Tracking Information
First Submitted Date April 28, 2021
First Posted Date May 11, 2021
Last Update Posted Date May 11, 2021
Estimated Study Start Date May 2021
Estimated Primary Completion Date September 2021   (Final data collection date for primary outcome measure)
Current Primary Outcome Measures
 (submitted: May 8, 2021)
Correlation between Metformin Usage Index and Vitamin B12 status among Egyptian patients with type 2 diabetes [ Time Frame: 6 months ]
The relationship between MUI and vitamin B12 levels will be assessed among the studied groups
Original Primary Outcome Measures Same as current
Change History No Changes Posted
Current Secondary Outcome Measures Not Provided
Original Secondary Outcome Measures Not Provided
Current Other Pre-specified Outcome Measures Not Provided
Original Other Pre-specified Outcome Measures Not Provided
 
Descriptive Information
Brief Title Metformin Usage Index and Vitamin B12 Status in Egyptian Type 2 Diabetic Patients
Official Title Metformin Usage Index and Vitamin B12 Status in Egyptian Type 2 Diabetic Patients : A Case Control Study .
Brief Summary

Current data estimated that 451 million people, (age 18-99 years) suffered from diabetes world wide in 2017, and are expected to rise to 693 million by 2045. Among them, type 2 diabetes mellitus (T2DM) accounts for around 90% of all cases with diabetes.

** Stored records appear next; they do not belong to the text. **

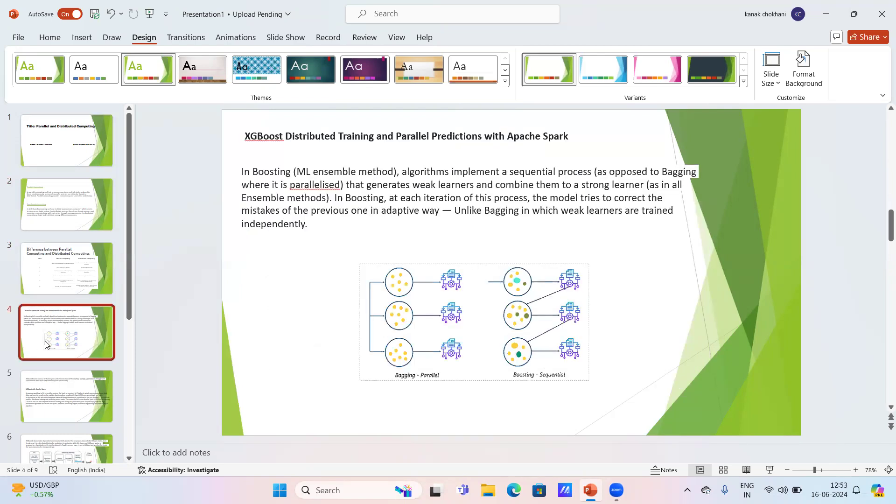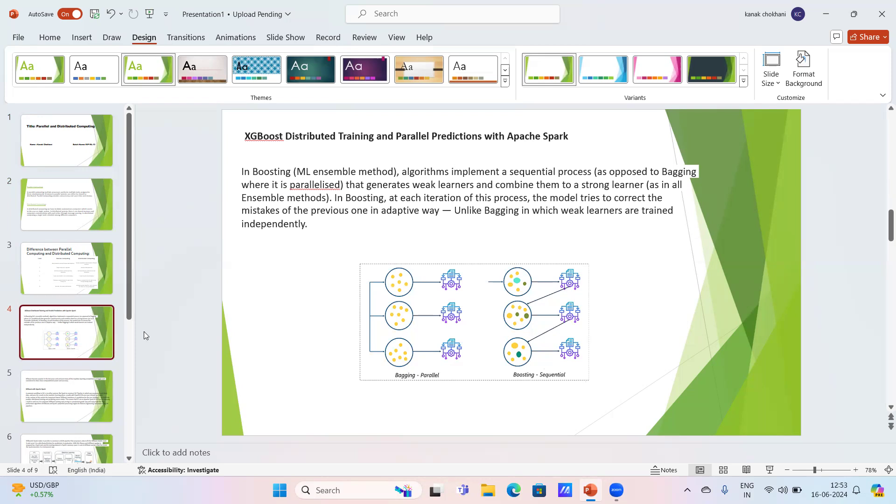Here we can see XGBoost distributed training and parallel prediction with Apache Spark. In boosting, an ML ensemble method, algorithms implement a sequential process. At each iteration of this process, the model tries to correct the mistakes of the previous one in an adaptive way.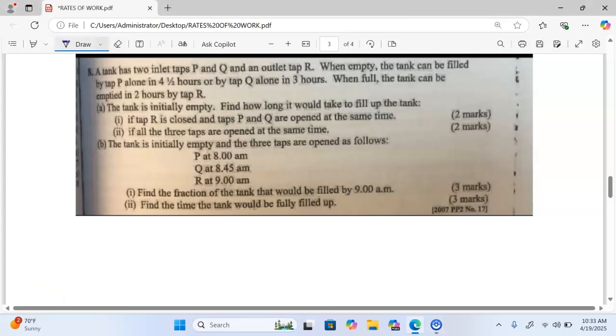Welcome and thank you for joining us. We are presenting a question from KCAC 2007, paper 2, number 17.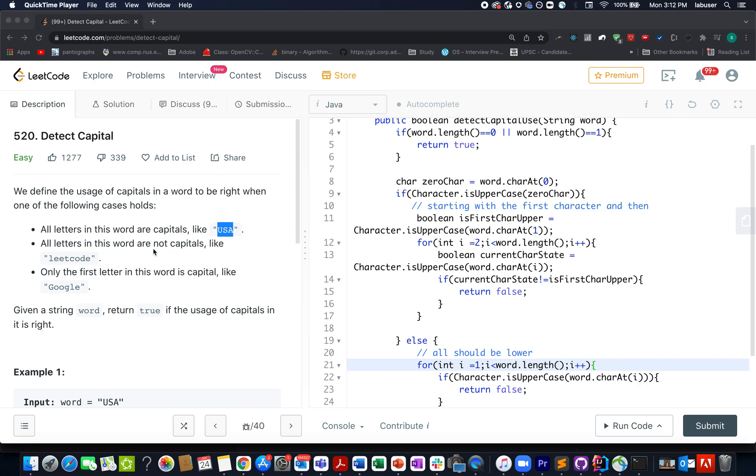Hello everyone, welcome to day 24th of January LeetCode challenge and I hope all of you are having a great time. The question that we have today is an easy question named Detect Capitals.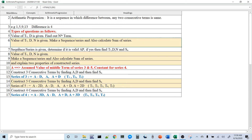The second type of question: if the value of T1, D, and N is given — where T1 is first term, D is common difference, and N is number of terms — make a sequence series and also calculate the sum of the series, meaning the sum of all numbers in that sequence.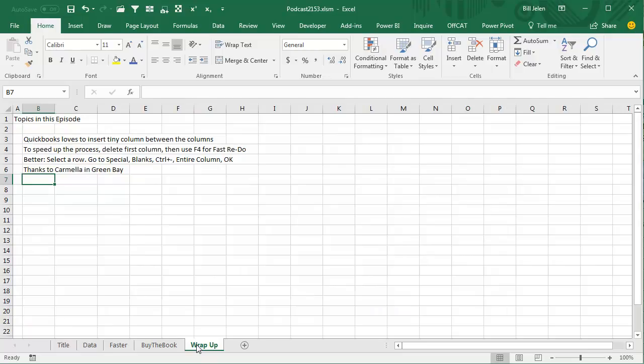Today's episode, QuickBooks loves to insert those tiny columns between the columns. To speed up the process of deleting them, delete the first column, then use F4 for a fast redo. But better, thanks to Carmelo in Green Bay, Select a row, Go To Special, Blanks, Ctrl minus sign, choose C for Entire Column, OK.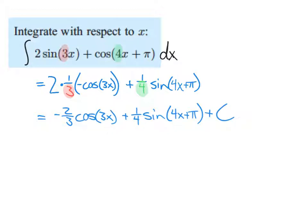Throw on your plus C at the end. No matter how many times you use different rules, it's just one C — there's no need for multiple C's. Even if you were doing an equation and integrated both sides, you would only put the plus C on one side of the equation.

T2DM is associated with several deterimental microvascular and macrovascular complications (Annani-Akollor ME et al ., 2019) . As such, effective management of the disease is crucial.

The American Diabetes Association (ADA) and the European Association for the Study of Diabetes (EASD) recommend metformin as the first therapeutic choice for T2DM management with concurrent lifestyle modifications. Reports indicated that metformin improves peripheral insulin sensitivity and reduces the risk of cardiovascular mortality in T2DM in addition to its beneficial effects on weight loss and vascular protection.

Nonetheless, as with most medications, metformin has some side effects. Though most of these side effects are mild, reports indicated that metformin use is associated with diminution of vitamin B12 level . Also, advanced age of patients with T2DM, nutritional deficiency, and malabsorption are other contributing factors for its deficiency .

The proposed mechanisms for deficiency include, impairment of calcium dependent absorption from the gut, alteration in small bowel motility resulting in bacterial overgrowth, and a reduction in intrinsic factor levels .

Metformin-induced vitamin B12 deficiency has also been associated with neuropathy. The neuropathy associated with vitamin B12 deficiency ranges from paresthesia and attenuated peripheral sensation in response to changes in mental status and proprioception which overlap with diabetic neuropathy.

The progression of vitamin B12 deficiency-induced neurologic damage can, however, be abated through early detection and vitamin B12 therapy. Nonetheless, if peripheral neuropathy due to deficiency of vitamin B12 is misconstrued as diabetic peripheral neuropathy , permanent neurological damage may occur.

Several studies have investigated the individual effects of the dose and duration of metformin therapy on vitamin B12 levels .The reported results are inconsistent, with some studies reporting an association with the dose but not the duration and other studies reporting an association only for the duration. however, A few studies did not find an association with either the dose or the duration..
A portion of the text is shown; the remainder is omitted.